Keywords

1 Introduction

Data scientists spend a lot of time simply preparing data for analysis. Even before exploratory analysis, data cleaning and feature engineering, an additional step of data wrangling is often required. This step consists of taking raw data and wrangling it into a format that can be used for data science tasks, such as visualisation and prediction. Data wrangling is typically carried out by writing a program that transforms part of the data into the desired format. Writing these programs is very time consuming to data scientists—according to popular statistic, up to 80% of the time in the whole data science pipeline is invested in wrangling [2], which explains the interest in automated data wrangling [5, 10].

The existing work on automated data wrangling, however, assumes that a user knows which format the data should take and can provide input. This input can take many forms. Early methods interactively propose transformations based on data that the user selects and require the wrangling algorithm to learn how to extract the selection [7, 14]. Other methods allow the user to give an example of what the output should look like in order to learn a program that correctly produces this output [3, 5]. This is clearly a strong assumption: the big lesson of feature engineering is that users rarely know which features, and in which form, are useful for the target task.
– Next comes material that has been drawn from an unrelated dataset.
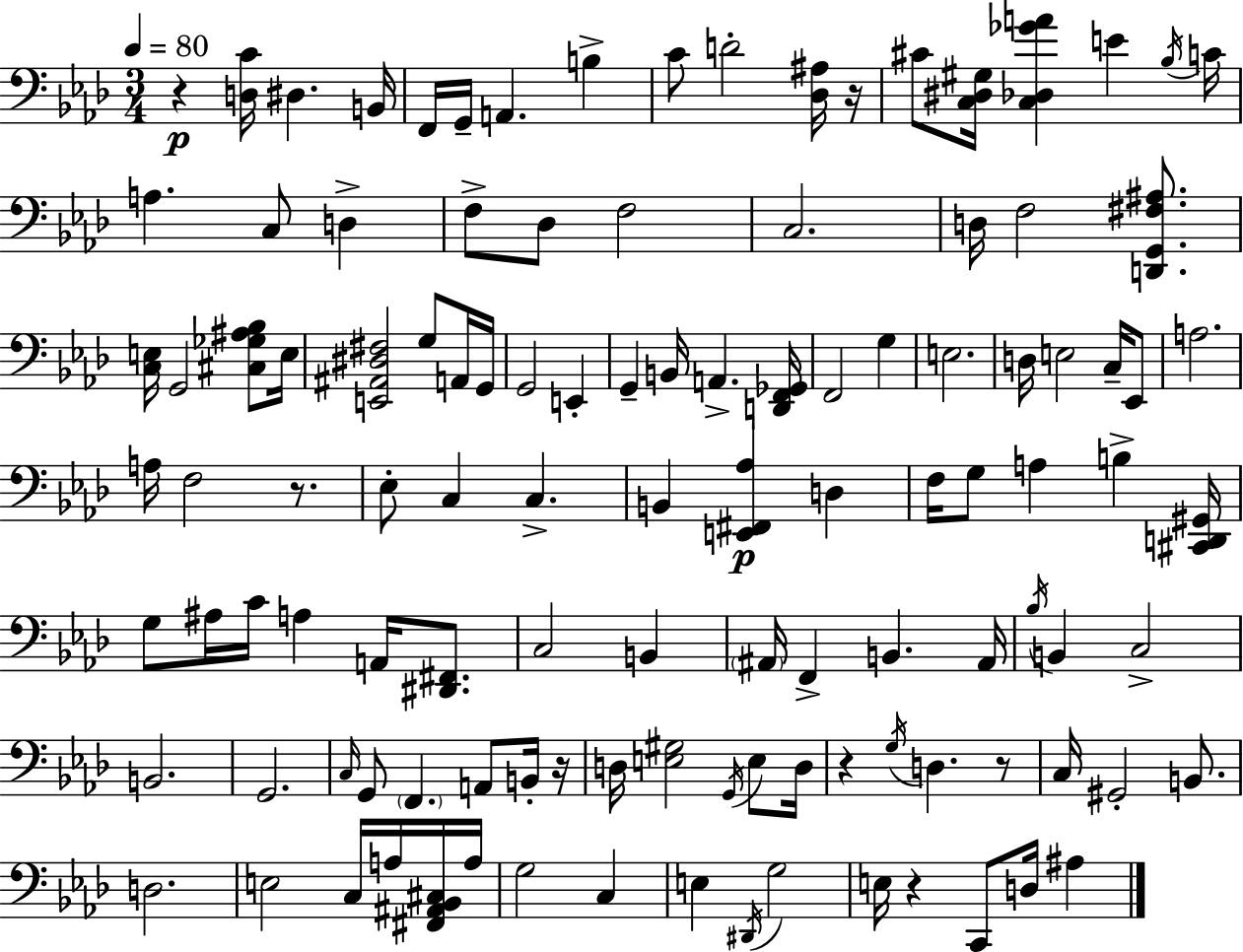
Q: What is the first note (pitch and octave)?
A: D#3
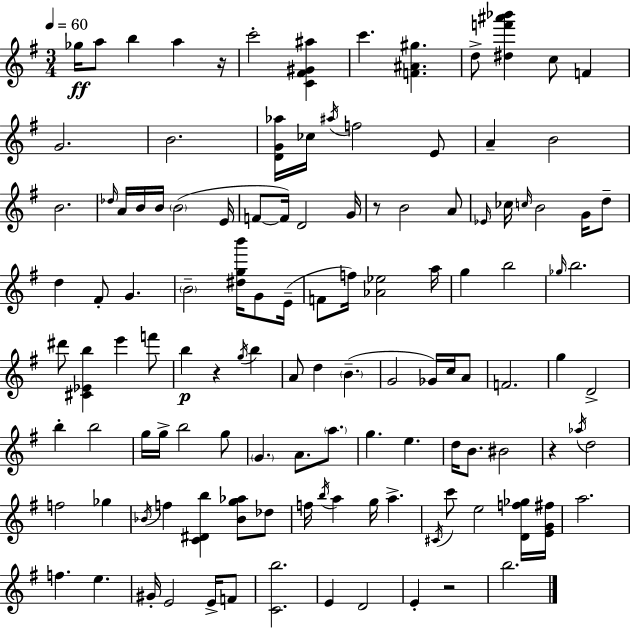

Taking inspiration from both feature engineering and data wrangling, we introduce the problem of feature wrangling, which is concerned with wrangling at the feature level. More specifically, we automatically search for transformations that wrangle individual columns into features of high quality to be used in predictive models. For example, a date formatted as “01/01/2001” would be split in its constituent day, month and year parts and these should be marked as ordinal (day and month) or numerical (year) features. As the resulting features are to be used in supervised machine learning, the quality of the generated features can be assessed using the predictive performance of the resulting model. A major benefit of our approach is that it eliminates the need for user interaction.

Motivational Example. Consider the excerpt of basketball data in Fig. 1a. Regardless of the task, we can see that it is not very suited for further analysis. The height feature is not numerical and position is ambiguous—is “G-F” a position on its own or is this player comfortable in multiple positions?

Suppose a fourth column salary exists that we want to predict. We can then try different possibilities of representations for position and height and use their performance in predicting salary to choose the most appropriate one. For example, position can be one-hot encoded or split on “-” and then encoded with a dummy variable for every symbol.

Whereas previous approaches would require the user to provide an example of the desired feature, avatar generates and tries different alternatives to see which ones yield the best performance. In this example, it will also discover that splitting height by a “-” yields new columns that, after being made numerical in a second iteration, are good features. The full wrangling program and its result are respectively shown in Figs. 1b and 1c.

Fig. 1.
figure 1

Example of data wrangling for machine learning.

Contributions. In this paper, we make the following contributions.

  • We introduce the problem of automated feature wrangling, which is concerned with wrangling at the individual feature level and uses the performance of the predictive models to evaluate alternative feature sets.

  • We implement this idea in a prototype feature wrangling tool called avatar—the Automated VAlue Transformator And extractoR. Given only a dataset and a prediction task, it returns a new dataset with wranlged features that are more suitable for the given task.

  • We evaluate avatar on real datasets from the KaggleFootnote 1 data science platform.

2 Related Work

Feature engineering aims to improve the performance of predictive models by transforming and combining existing features into new features that are easier for the model to use. Being a laborious process, automating it is an active area of research [8, 9]. The goal of feature wrangling is to use wrangling transformations in order to extract new features from previously unusable columns. Feature wrangling therefore lies at the intersection of data wrangling and feature engineering.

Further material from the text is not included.